Knossos has been a highly productive centre of research for the British School at Athens since 1900, when Sir Arthur Evans and David Hogarth, then School Director, began systematic excavations there. It remains a powerhouse of research, both in the field and in the study of excavated material, under the aegis of the BSA. The Knossos Research Centre is focused upon the Stratigraphical Museum (a study centre and finds archive for all British fieldwork at Knossos since the time of Evans, and for several other School projects focused elsewhere in Crete) and has a self-catering hostel (the Taverna) and library, open year-round.  The Library has a good collection of books and offprints (especially about Crete), and full access to e-resources via AMBROSIA.  The Library is also used by local researchers, members of the Archaeological Service, the University of Crete, and other institutions. The Taverna, which has 10 beds, serves principally as a base for those studying in the Stratigraphical Museum or the Herakleion Museum.  Knossos is fully integrated into the School’s ICT network.  There is a resident Curator and a small domestic staff.
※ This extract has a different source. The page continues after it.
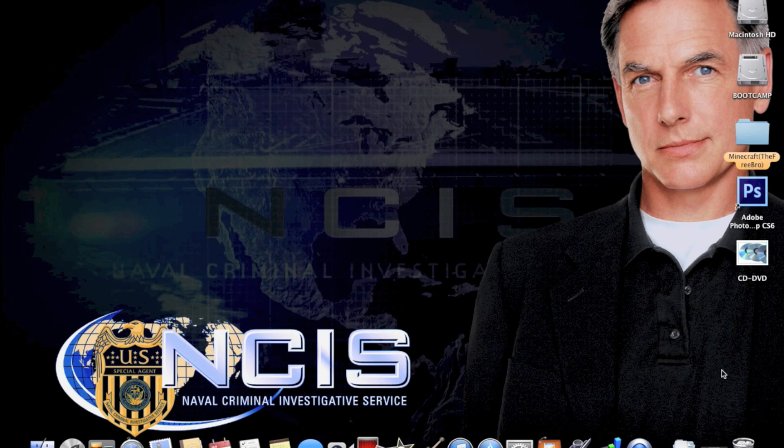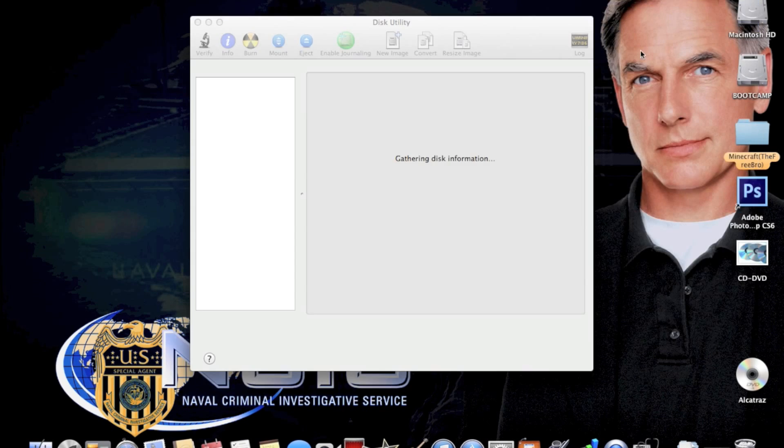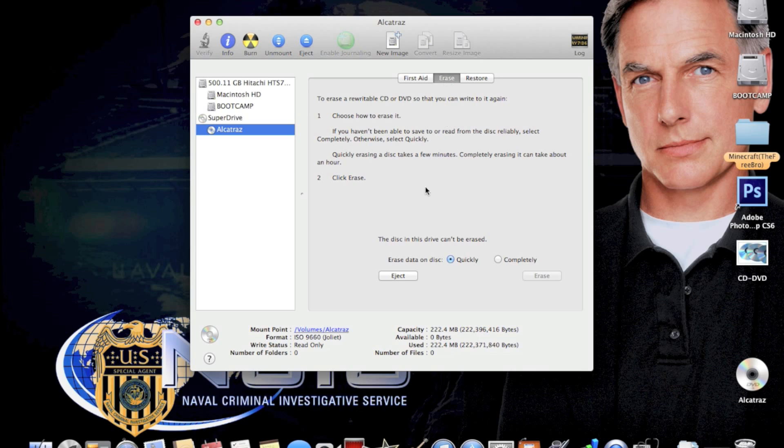Once those are checked it should appear on your desktop. Mine shows Alcatraz because it is a game I installed. Now launch Disk Utility, select the name of the disk — in this case it's Alcatraz — and go to the Erase tab.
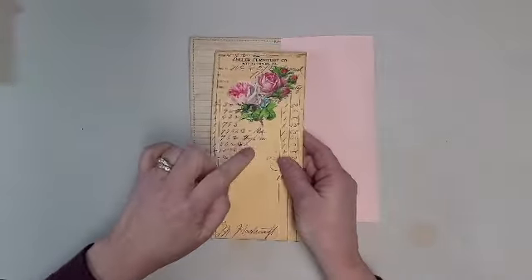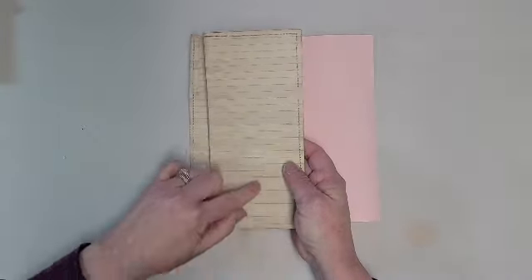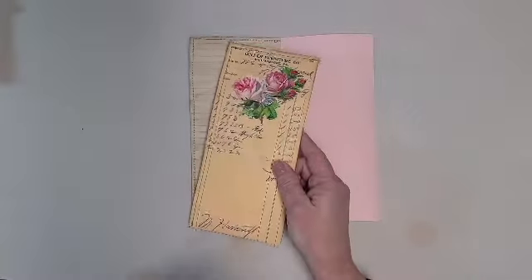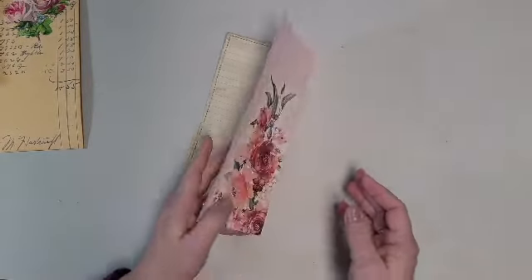On this side when you open it up, I've got some lined paper for writing. And on the back of this card I also put lined paper there, and I stitched around those two sides. I did that ahead of time just to get it out of the way.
In addition, the School’s administrative and academic staff (principally the Administrator) makes use of the School’s wide-ranging connections to help individual scholars with permit applications. 

Dissemination and Publication of Research
The BSA maintains a policy of publishing the results of its own research, particularly in the fields of archaeology, epigraphy and history. The School’s Annual (running since 1895 and published by CUP) is devoted to publishing research in all areas of the School’s broad scope, including work carried out by by its officers and other members. The School also compiles annually in collaboration with the Society for the Promotion of Hellenic Studies Archaeology in Greece, a collection of synthetic articles on recent archaeological fieldwork in Greece which draws on Archaeology in Greece Online, a regularly updated compilation of fieldwork reports produced in collaboration with the École française d’Athènes. Final reports on major excavation or survey projects usually appear in the School’s Supplementary Volumes, while other collections are published in two series: BSA Studies in Greek Antiquity (CUP) and BSA Studies in Modern Greek and Byzantine Studies (Routledge). The School recognises its role in conserving and facilitating access to the archives (in all media) produced by major excavations, surveys or other studies. To this end we are active in cataloguing and digitizing our archive, and in making it available via the School website.